By Grant Fleming and Ian Llewellyn of NZPA
Wellington, Nov 16 NZPA - Prime Minister-elect John Key has sealed a historic agreement with the Maori Party on a whirlwind day of deals that will give his incoming government a commanding majority on crucial votes in Parliament.
Mr Key today signed agreements with ACT, the Maori Party and United Future giving his National government 70 votes on confidence and supply in the incoming 122-member Parliament.
In return he handed out five ministerial roles and a raft of minor policy concessions.
ACT and United Future had already pledged their support during the election campaign, but in a deal that was virtually unimaginable just three years ago Mr Key also succeeded in signing up the support of the Maori Party.
Under former leader Don Brash, National campaigned hard against the Maori seats and derided targeted spending on Maori as favouritism.
Today Mr Key clinched the deal by doing a U-turn on National's opposition to the Maori seats, saying it would be too divisive to scrap them without the agreement of Maori.

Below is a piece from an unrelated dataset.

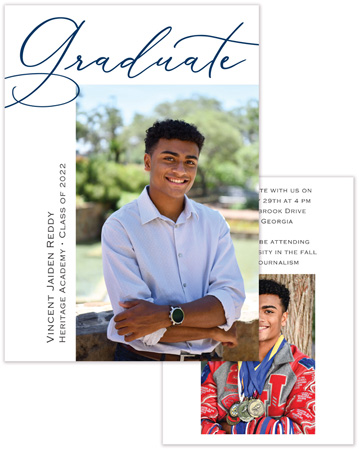 Photo Graduation Announcements by PicMe Prints - Legacy (Vertical) Photo Graduation Announcements by PicMe Prints - Legacy (Vertical)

Mr Key described the agreement as historic.
"The Maori Party agreement is very much about inclusion. As I said on election night we will only succeed if we have all New Zealanders rowing in the same direction.
"The government I lead will be a government of opportunity -- opportunity for all New Zealanders regardless of their backgrounds, ethnicity or current circumstances."

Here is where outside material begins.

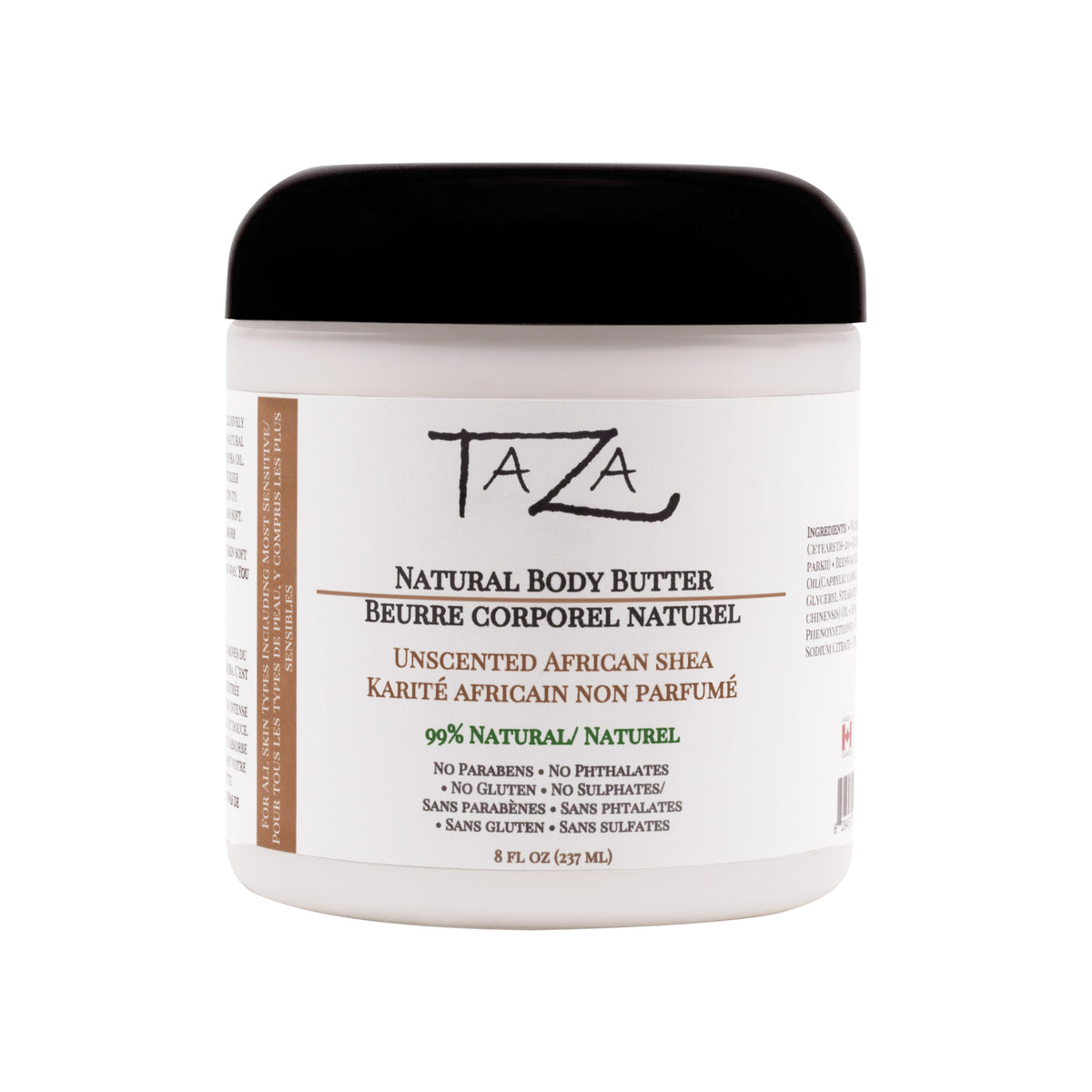 Taza Natural Unscented African Shea Body Butter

Under the deal a group will be formed to look at constitutional issues including Maori representation, there will be a review of the Foreshore and Seabed Act and Maori Party co-leaders Pita Sharples and Tariana Turia will be ministers outside Cabinet.
Dr Sharples will pick up the Maori affairs portfolio, associate corrections and associate education, while Mrs Turia gets the community and voluntary sector, associate health and associate social development.

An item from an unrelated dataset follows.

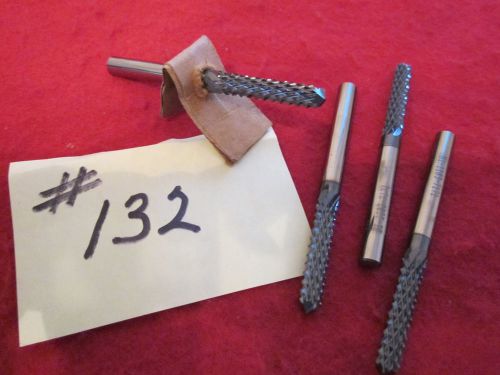 4  NEW  1/4&#034;  BURRS, SOLID CARBIDE,DIAMOND CUT,DRILL POINT,  AMERICAN MADE {132}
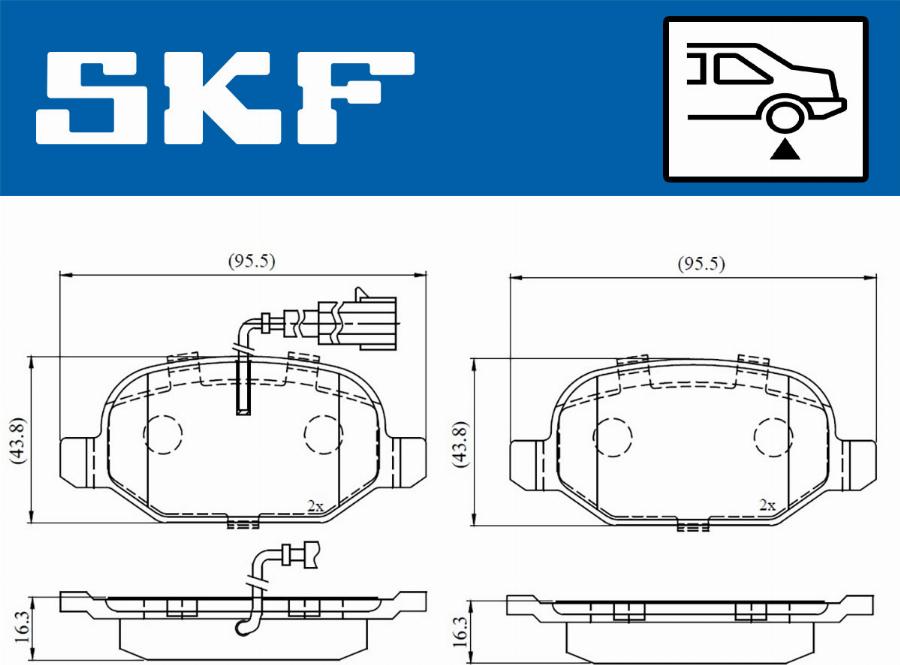 SKF VKBP 90398 E - Bromsbeläggssats, skivbroms xdelar.se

The round of deals also sees ACT leader Rodney Hide and his deputy Heather Roy installed as ministers outside Cabinet.
Mr Hide takes local government, the new portfolio of regulatory reform and associate commerce while Mrs Roy picks up consumer affairs and associate education and defence roles.
United Future leader Peter Dunne retains his revenue and associate health ministerial roles.
But in terms of policy all three support parties' agreements are thin on detail and immediate concessions. There is little cost to the new government in dollar terms.
In most cases where policy differs from National's there is agreement to set up a review, taskforce or committee to look at the issue.
Mr Key denied National was kicking difficult issues for touch and said the agreements were the start of a long-term process of co-operation.
But the lack of clarity could create headaches for Mr Key, with Mrs Turia today already indicating she would be unhappy if one of the private sector-led taskforces on government spending agreed with ACT and poked its head into her areas of ministerial responsibility.
"I can't imagine anybody from the private sector to come into an office and go through the budget line by line to be able to tell us what we should or should not be doing."
Mr Key smoothed over the tensions, saying spending reviews would be targeted at particular areas rather than across the board.
Labour leader Phil Goff today welcomed the new government, but said Mr Key would have to manage "the diverse and conflicting views" of its support partners if the arrangement was to be stable.
Mr Key's formal inking of the deals paves the way for him to announce his Cabinet tomorrow afternoon and for him and his ministers to be sworn in on Wednesday.
That will allow Mr Key to fly out on Thursday to the Apec summit in Peru as New Zealand's new Prime Minister.
Parliament will be recalled to sit on December 8 for two weeks.
Because the three support parties will hold positions outside Cabinet, they are not part of what will formally be a National minority government and will be free to criticise the government in areas outside their ministerial responsibility.